Small Business Success Tips - Pricing
By Don Dewsnap
Pricing in a small business is far more art than science. For one thing, small
businesses tend to change much more rapidly than larger businesses. Procedures,
product offerings, and personnel can respond almost overnight to market demands
and opportunities. Therefore the pretty and scientific charts of sales versus
price over various time periods lose their meaning rapidly. Cost analysis becomes
a tool for overall business planning, and relates very little to product pricing.
For another thing, and many small business owners do not understand this, pricing is
the least significant factor in most customer decisions. The most important factor, by
survey, is dependability, and customers will pay for it. Availability is a big part of
dependability. If you can't produce the product or service, don't sell it.
Quality is also more important than price, overall, in buying decisions. Compromising
the quality of a product or service in order to lower its price is a direct route to
losing customers. If a customer buys a cheap hammer somewhere else and the head of the
hammer flies off, he will buy a better, more expensive one next time. So only sell the
better, more expensive ones if you want to keep customers.
One more thing, before presenting the conclusions on how to approach pricing: know who
your competitors are. A small business is not competing with Wal-Mart. It is competing
with other small businesses.
Ignoring niche markets for the moment, most small businesses have a number of
competitors. These usually break into three groups: tiny, just-starting, hungry
businesses; somewhat established businesses with some name recognition and reputation; and
long-established, larger (but still small businesses) leaders in the field. A growing
small business will normally progress through the first two stages, and might or might not
be aiming to join the third, depending on the ambitions of the owner.
Group One markets on price. Group Two markets on dependability and quality. Group Three
markets on reputation and volume capabilities.

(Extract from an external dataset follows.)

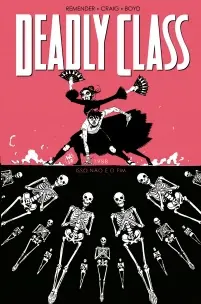 Deadly Class - Vol. 05 - Isso Não é o Fim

The small business owner should be aware of
which group his business is in, and who his competitors are in that group, and what they
are charging for similar products.
So here are the principles of smart pricing for Groups One and Two. Group Three is
distinguished by high pricing, so they are on a "whatever they can convince the customer
to pay" basis anyway.
Group One needs customers fast. They have to generate a cash flow, and that means
investing "sweat equity" into the business, and lower prices and profit margins. This
stage cannot last very long without burning out the owners and workers, so concentrate on
producing products that are every bit as good as Group Two's products, and being just as
dependable. Then, when you increase your prices in six months or so, you will retain many
if not most of your clients. Very important: Be sure to raise your prices when you have a
solid repeat customer base. Keeping your prices at a level that barely sustains your
business will prevent your being able to invest in the resources you will need in order to
enter Group Two.
Group Two's pricing depends entirely on dependability and quality. Assuming you are
constantly improving both, your prices can constantly increase as well. If your dependability
and quality hit a plateau (which doesn't mean they can't improve, because they always can;
it only means you have decided not to improve them), then so should your prices.

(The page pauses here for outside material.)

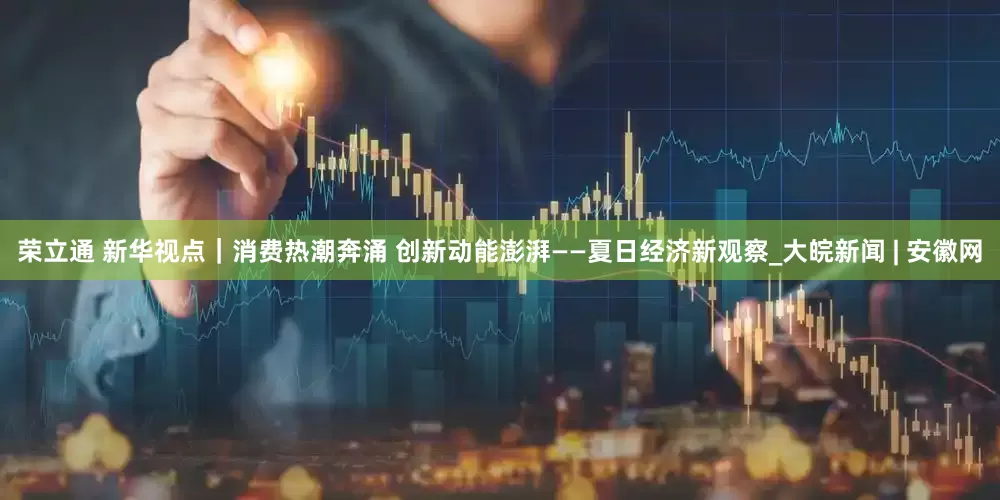 荣立通 新华视点｜消费热潮奔涌 创新动能澎湃——夏日经济新观察_大皖新闻 | 安徽网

The temptation bedeviling small business owners in Group Two is to underprice their
products and services, so as to gain more business and not lose customers. Giving in to
this temptation will pretty much ensure failure, as you will not be able to build up
capital for further expansion. Your intention should be to dominate Group Two, to be the
big fish in that pond. You want those customers who would prefer to use a Group One
supplier but cannot justify the cost, so they look for the best they can afford.